The financial sector is leading the way in the use of blockchain technology with the industry analyst International Data Corp. (IDC) expecting that global spending will increase by more than 50% this year compared to 2020. IDC said organizations will cough up $6.6 billion in blockchain solutions.
The IDC Worldwide Blockchain Spending Guide saw continued growth in the blockchain until 2024 with a five-year compound annual growth rate (CAGR) of 48%. The Worldwide Blockchain Spending Guide quantifies the emerging blockchain market by providing spending data for 10 technologies across 19 industries and 17 use cases in nine geographic regions.
IDC defines blockchain as a digital, distributed ledger of transactions or records.
Payments and financial services are seen to contribute significantly in this growth. According to IDC, Cross-Border Payments and Settlements, which uses distributed ledger technology to track, trace, and manage payments and settlements, will be the biggest contributor in the spending. It will be followed by Lot Lineage/Provenance, which is used to verify the origin and authenticity of a product as it moves throughout the value chain.
Trade Finance & Post Trade/Transaction Settlements, Asset/Goods Management, and Identity Management sectors are also expected to play a role in the expected spending on blockchain.
“What is also very important right now is that we are seeing real interest and investment by corporations, financial institutions, and even governments in areas they previously viewed with some uncertainty such as cryptocurrencies, digital assets, central bank digital currencies, decentralized finance, and stablecoins,” said James Wester, research director, Worldwide Blockchain Strategies. “This investment will have major implications in a very short time on everything from retail to financial services to capital markets.”
IDC said the banking industry will contribute about 30% of the worldwide total in blockchain spending this year and it will remain as “the top industry” in this area. However, the industry analyst firm sees a slight decline in 2024.
Process manufacturing and discrete manufacturing will account for more than 20% of global spending. The leading use case in both industries is Lot Lineage/Provenance. Following the manufacturing industries are professional services, retail, and insurance, which rely on blockchain to trace the movement of payments and products.
IT, business services
The industries that will see the fastest growth in blockchain spending over the forecast period are professional services (56% CAGR), state/local government (53.3% CAGR), and healthcare (52.7% CAGR).

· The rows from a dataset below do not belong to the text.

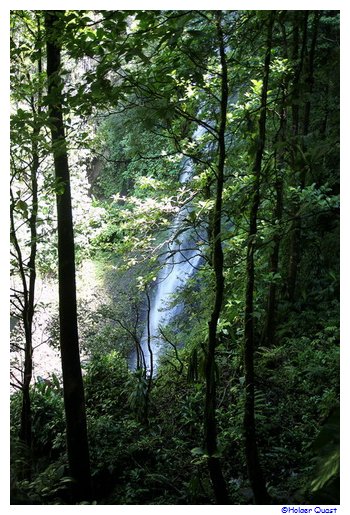 Middleham Wasserfall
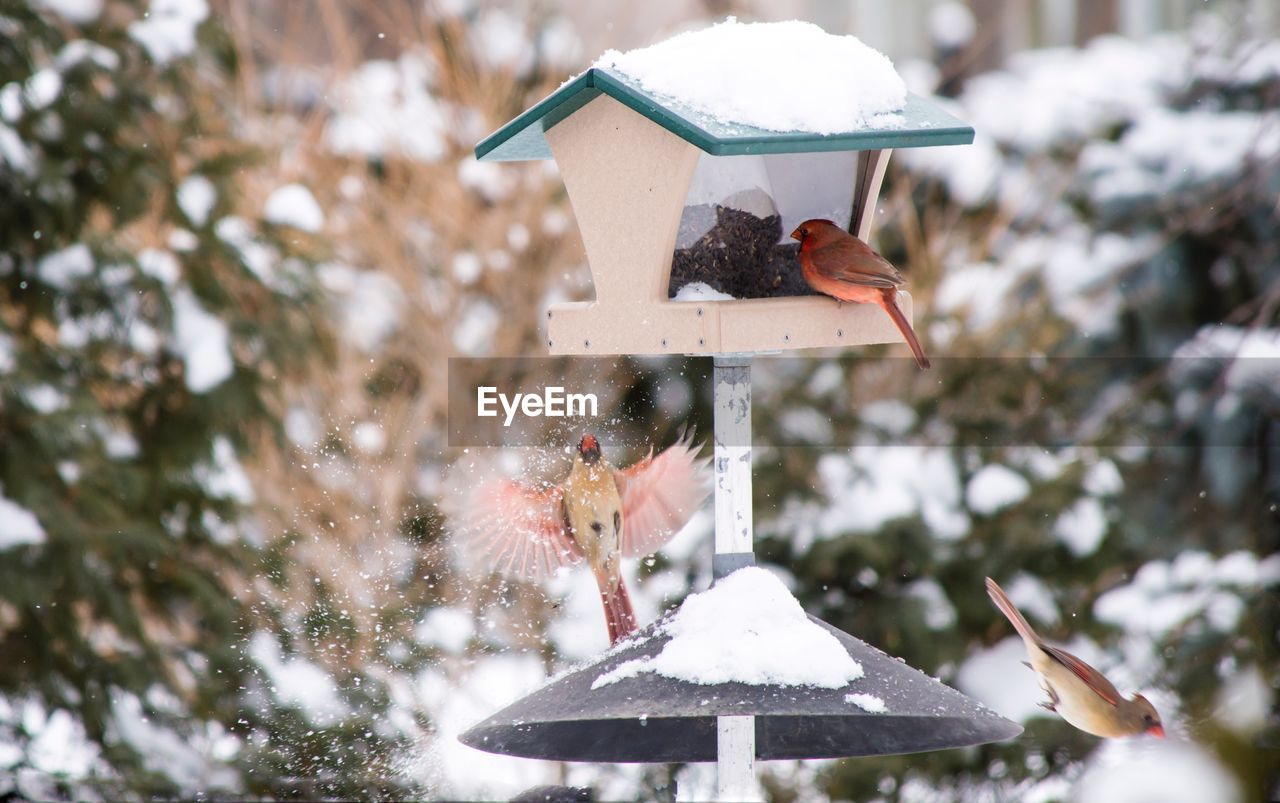 Close-up of bird perching on frozen house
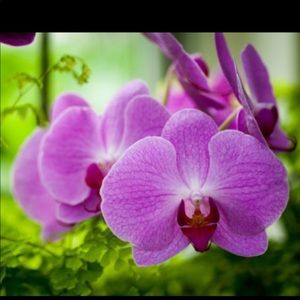 Meet your Posher, Lan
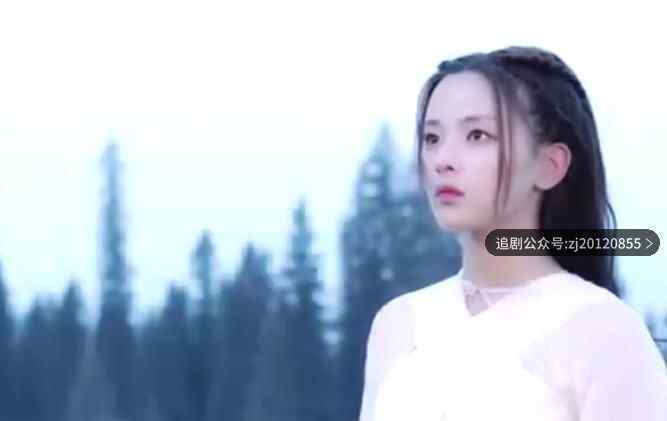 电视剧免费观看 策驰完整版全30集播放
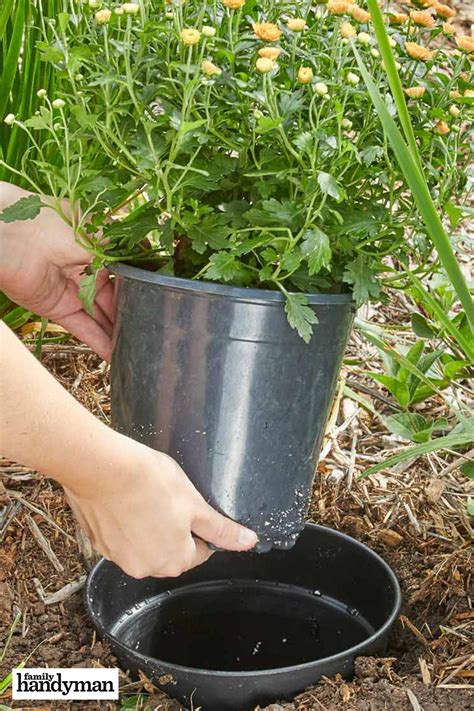 24 genius gardening hacks you ll be glad you know landscaping tips herb garden design easy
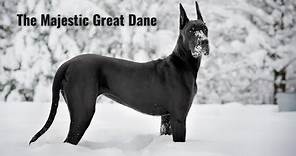 Giant and Graceful: Incredible Facts About Great Danes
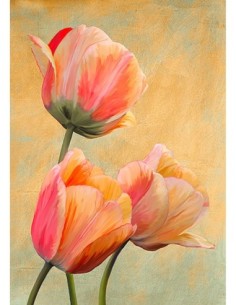 Tulipanes dorados I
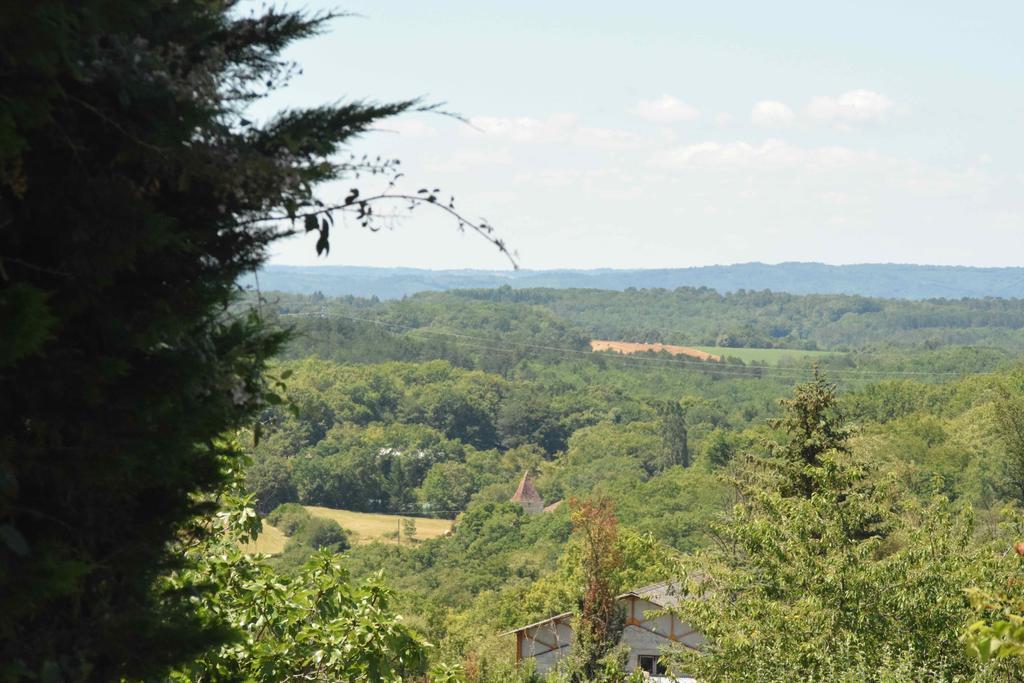 Camping Chez Francis Bed & Breakfast Loupiac  Eksteriør bilde
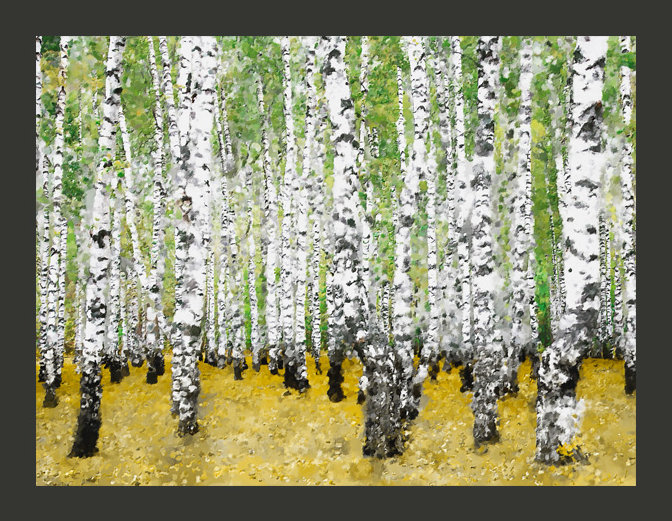 In Birch Grove... 1.93m x 250cm Wallpaper, 350 cm x 270 cm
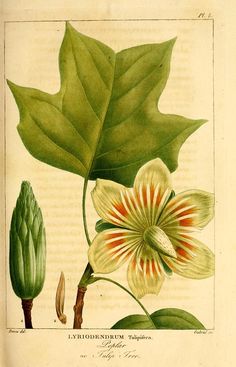 an illustration of a plant with flowers and leaves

IDC said the combine IT and business services will account for more than two-thirds of all blockchain spending throughout the forecast with IT services receiving slightly more investment over the forecast period (2020-2024). Blockchain platform software will be the largest category of spending outside of the services segment and the fastest growing technology category overall with a five-year CAGR of 52.9%,
The United States is expected to spend nearly $2.6 billion this year, making it the largest geographic market, followed by Western Europe ($1.6 billion) and China ($777 million). All nine regions covered in the Spending Guide will see exceptional spending growth over the forecast period led by China with five-year CAGR of 54.6% and Central and Eastern Europe (50.0% CAGR).